Figure 1 shows data on soil moisture and temperature measured at the depth of 10, 20, 30, 40, 50, 60, 70, 80, 90, and 100 cm. We can see that both soil temperature and soil moisture content exhibits periodical variations within a day and trends changing with the alternation of seasons. Soil temperature decreases with the cooling trend of climate from December to January and increases with the overall warming of the climate from February to May in next year. Soil moisture content, however, experiences a sudden hike around 2nd March and 19th March from 10 to 50 cm due to irrigation, and gradually decreases from March to May due to evapotranspiration, indicating an active water absorption process of winter wheat root system.
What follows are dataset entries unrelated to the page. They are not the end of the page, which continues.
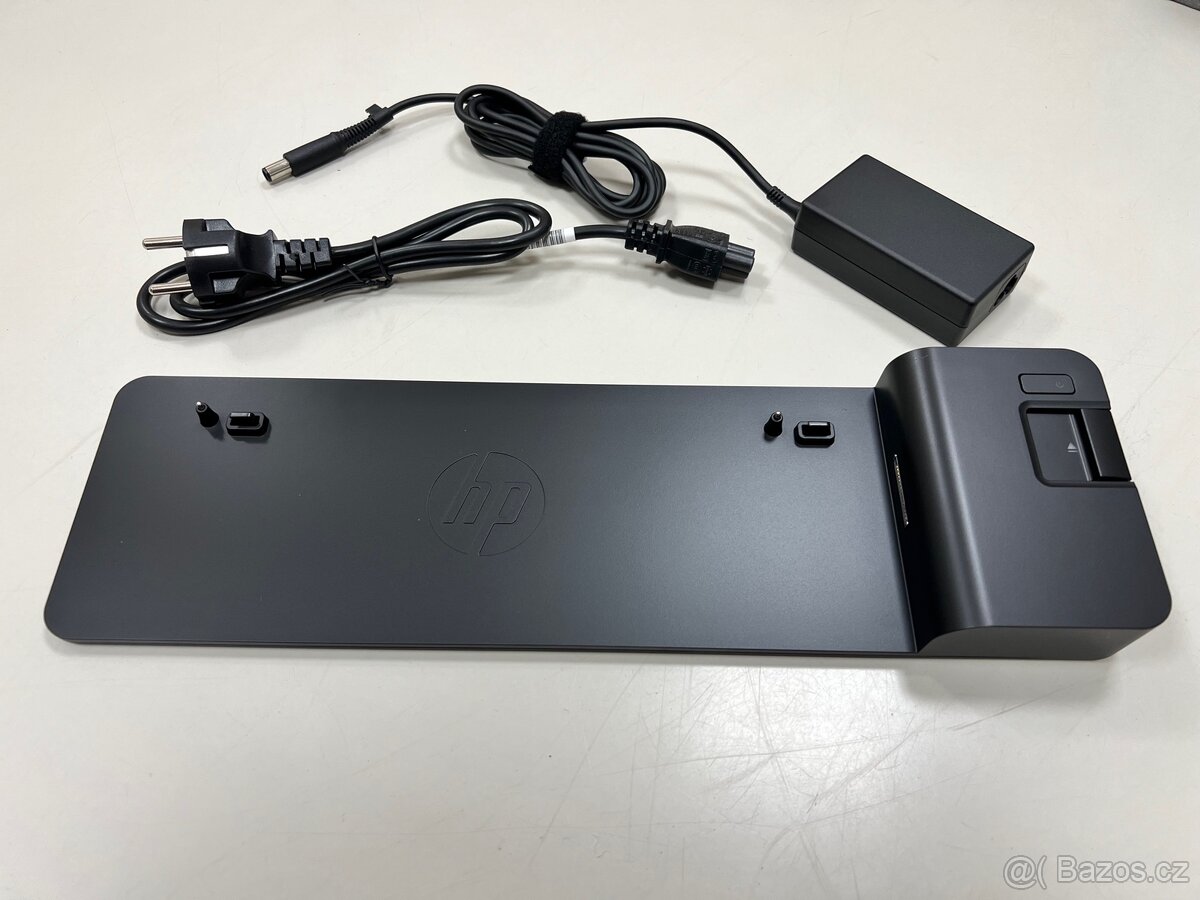 HP 2013 UltraSlim Docking Station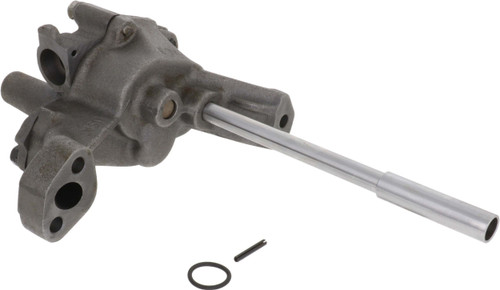 Engine Oil Pump M-71 - angled view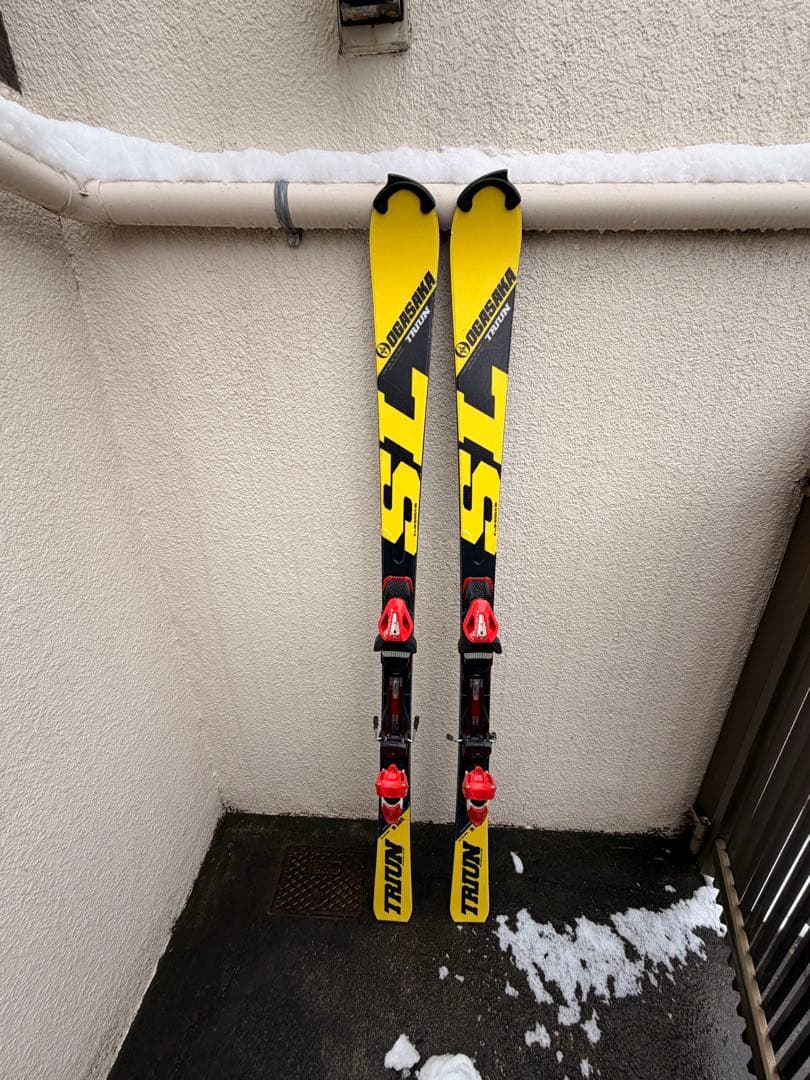 オガサカ　OGASAKA トライアンSL 165cm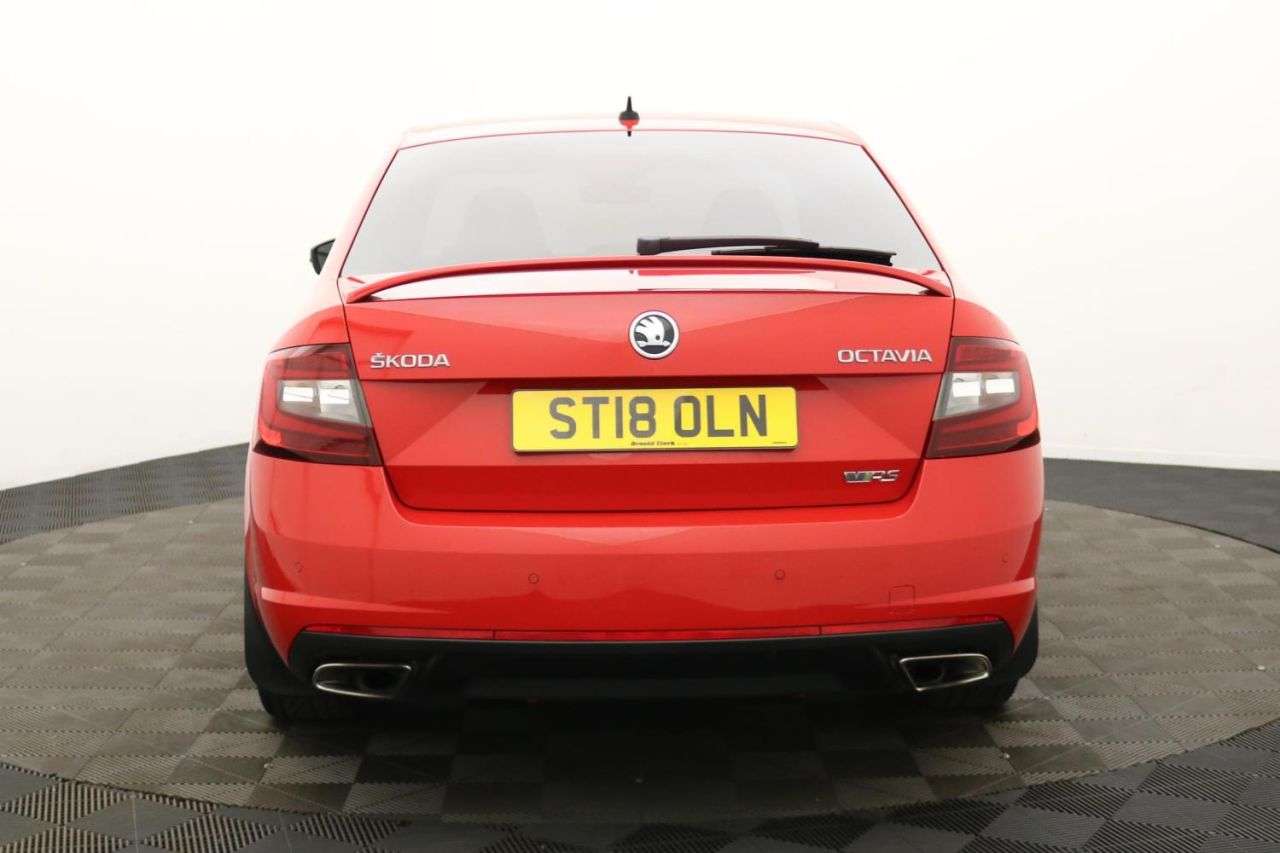 2018 SKODA OCTAVIA 2018 SKODA OCTAVIA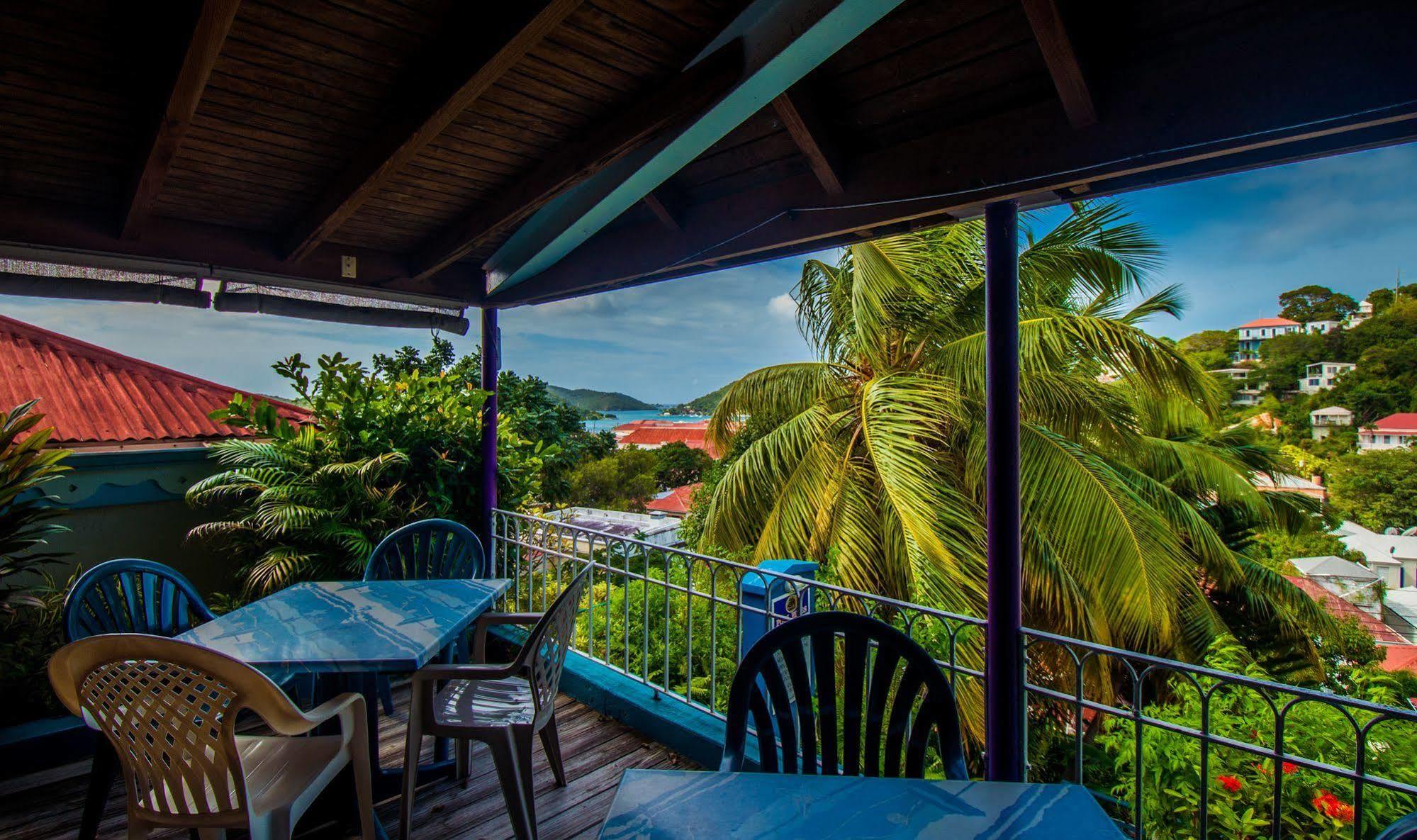 Galleon House Hotel Charlotte Amalie Exterior foto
Soil moisture content exhibits obvious differences among different depths.

Figure 1: Soil temperature (A) and soil humidity (B) at different depths.
Soil temperature and soil humidity at the depth of 10–100 cm obtained at the Shangqiu test site, China.

Download full-size image

DOI: 10.7717/peerj.7101/fig-1

We use hourly data from December 19th, 2017 to May 30th, 2018 on soil moisture content at the soil depths of 10, 30, and 90 cm (hereinafter referred to as MC10, MC30, and MC90, respectively), soil temperature at the depth of 10, 30, and 90 cm (hereinafter referred to as ST10, ST30, and ST90, respectively).
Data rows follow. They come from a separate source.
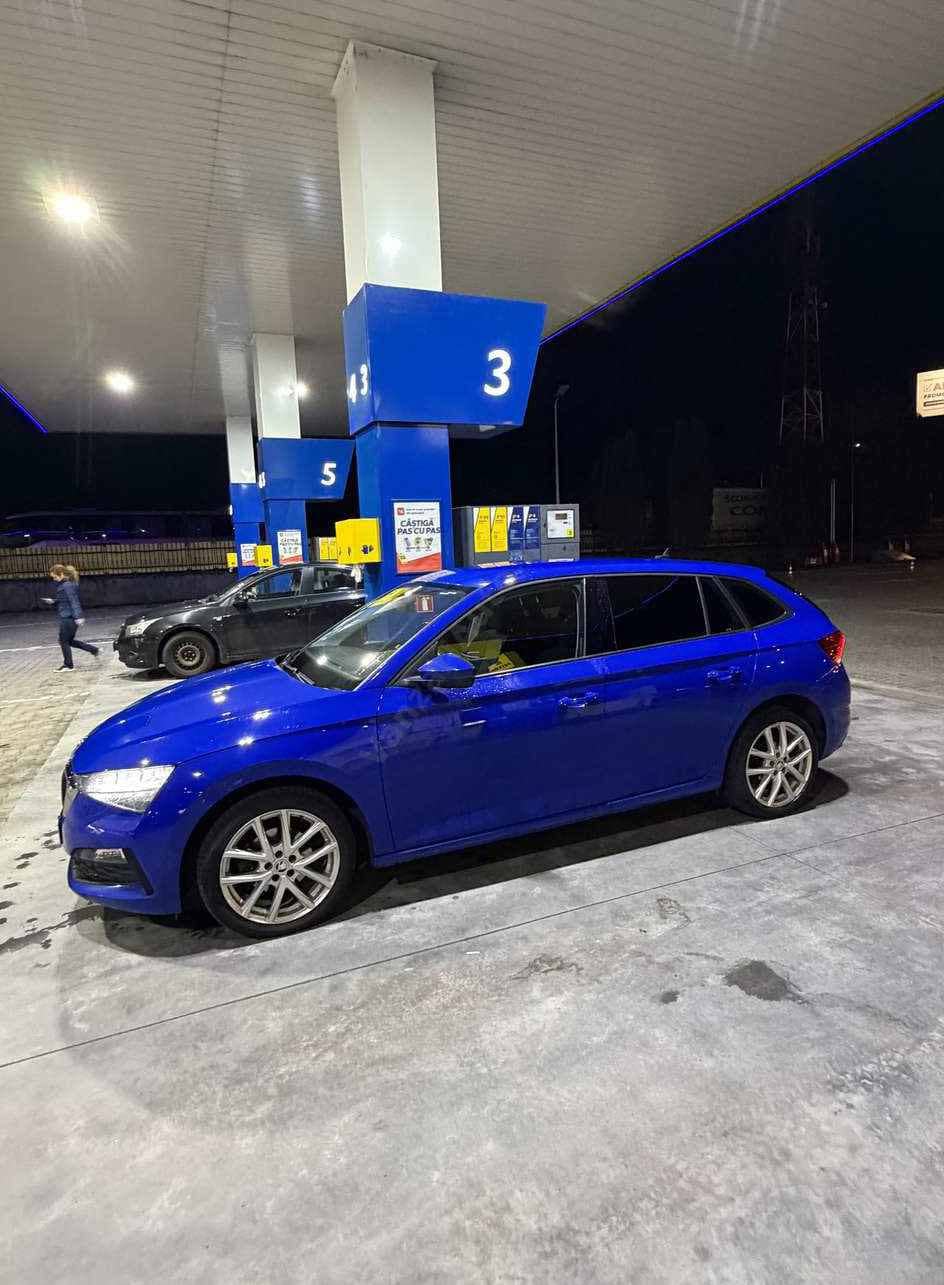 Skoda Scala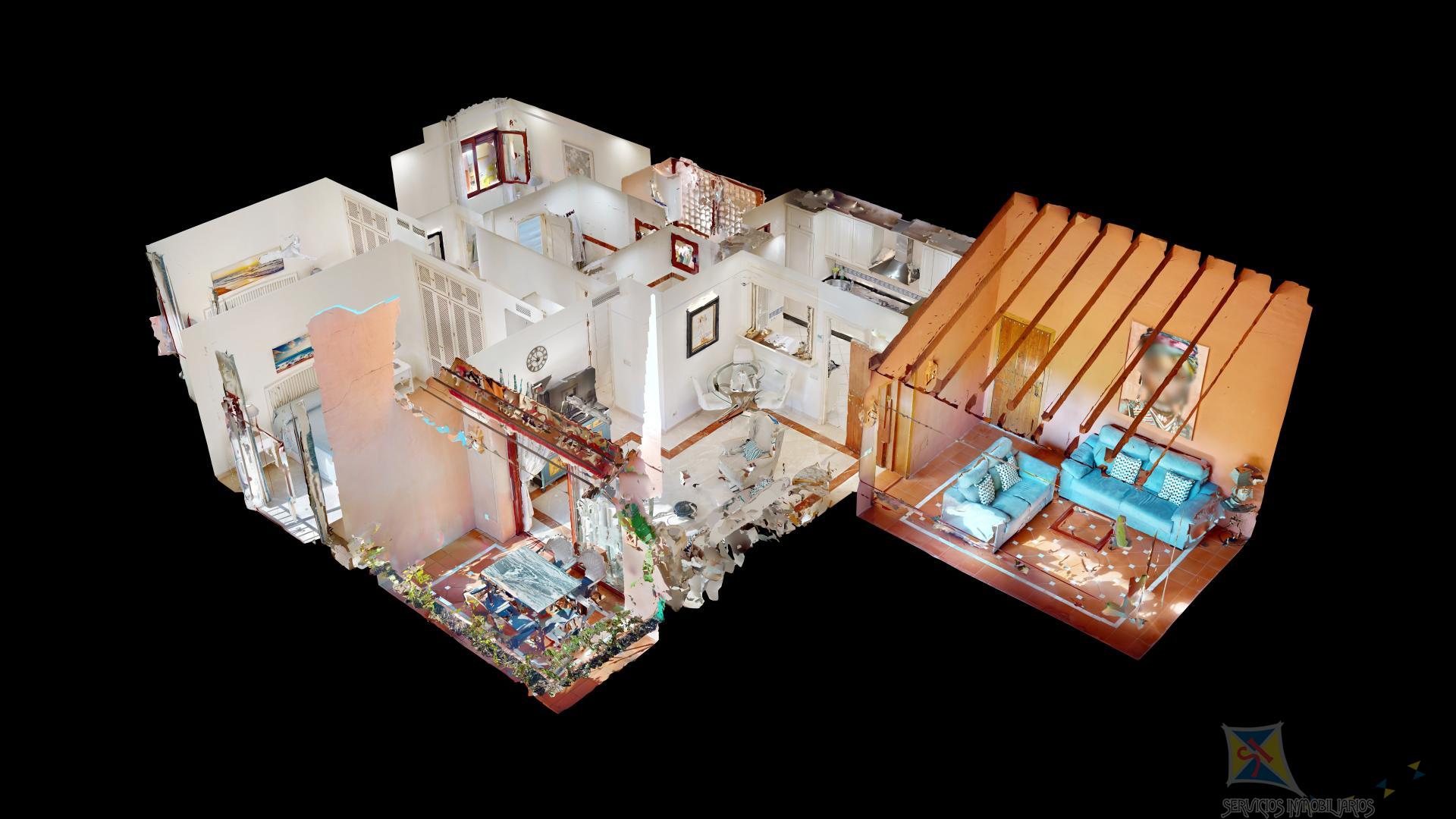 For sale of flat in Marbella
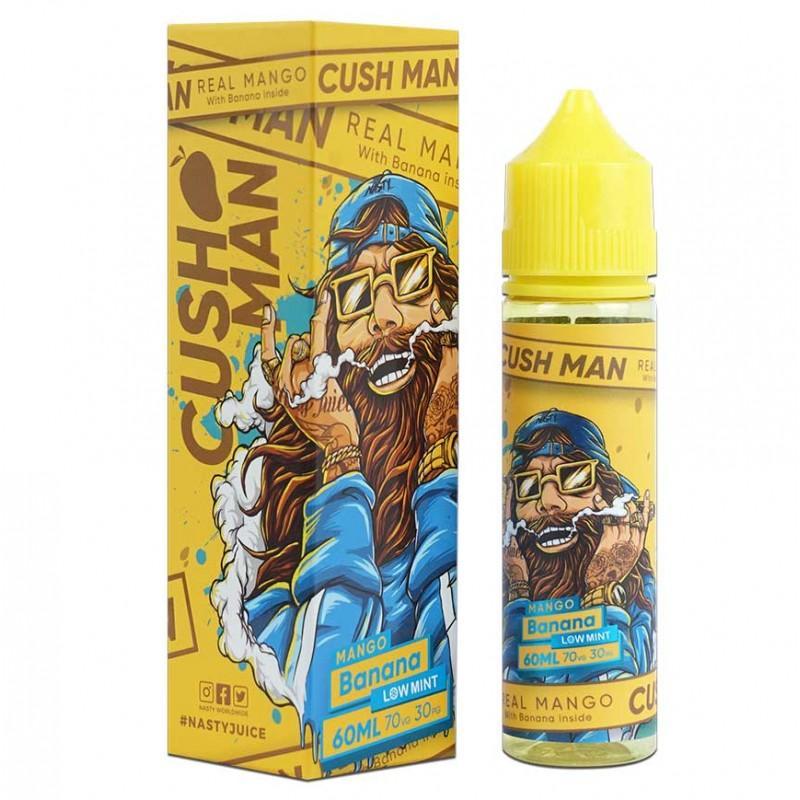 Nasty Cush Man Mango Banana 60mL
First, we remove the seasonality of the time series of MC10, ST10, MC30, ST30, MC90, and ST90, since it is known from the above figures that the six hourly time series have obvious diurnal pattern due to the periodical variations of meteorological factors, evapotranspiration, and root water uptake within a day, especially in shallow layers. After seasonal difference, the period of the data is from December 20th, 2017 to May 30th, 2018. The corresponding time series of the six detrended variables are referred to as MCSD10, STSD10, MCSD30, STSD30, MCSD90, and STSD90, respectively (Fig. 2).
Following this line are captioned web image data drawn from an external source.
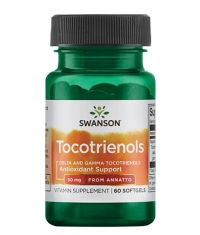 SWANSON Tocotrienols 50 mg / 60 Softgels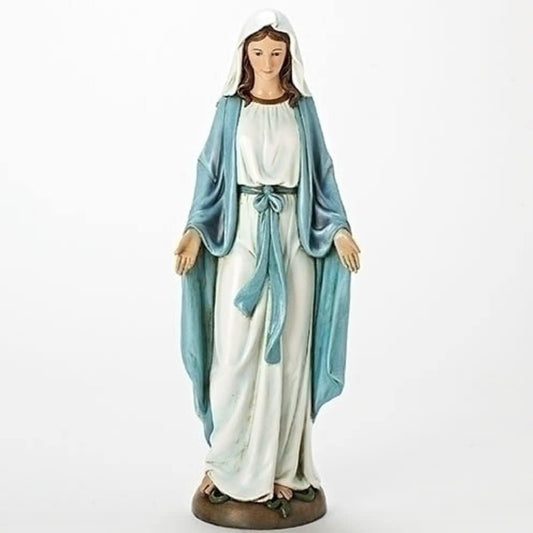 Roman Our Lady of Grace Figure, Renaissance Collection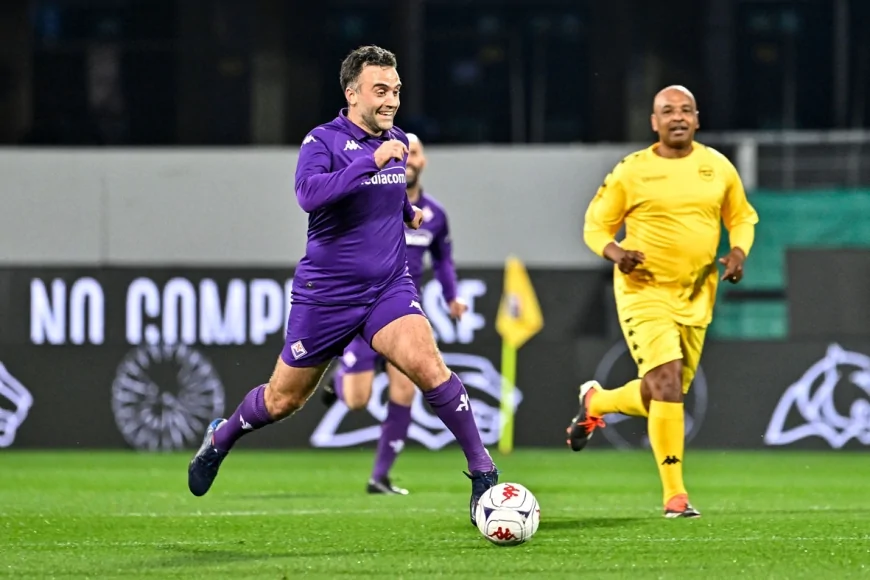 Antera celebra il talento di Giuseppe Rossi in occasione del Pepito Day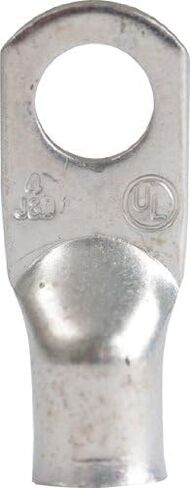 Gardner Bender AML-207 Heavy Duty Copper Lug, 1/0 AWG, 3⁄ 8 in. Stud in Saudi Arabia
Figure 2: Deseasonalized soil temperature (A) and moisture (B) at the depth of 10, 30, and 90 cm.
Soil temperature and moisture after deseasonalization at the depth of 10 cm, 30 cm, and 90 cm.

Download full-size image

DOI: 10.7717/peerj.7101/fig-2

According to the above results of the ADF test (Table 1), the variables of MCSD10, STSD10, MCSD30, STSD30, and MCSD90 are all stationary under the significance level of 0.01. The variable of STSD90 is stationary under the significance level of 0.05. Thus, it is appropriate to use the variables of MCSD10, STSD10, MCSD30, STSD30, MCSD90, and STSD90 to build vector autoregression models since they are all stationary.

Table 1:

Unit root test results of the deseasonalized soil moisture and temperature time series.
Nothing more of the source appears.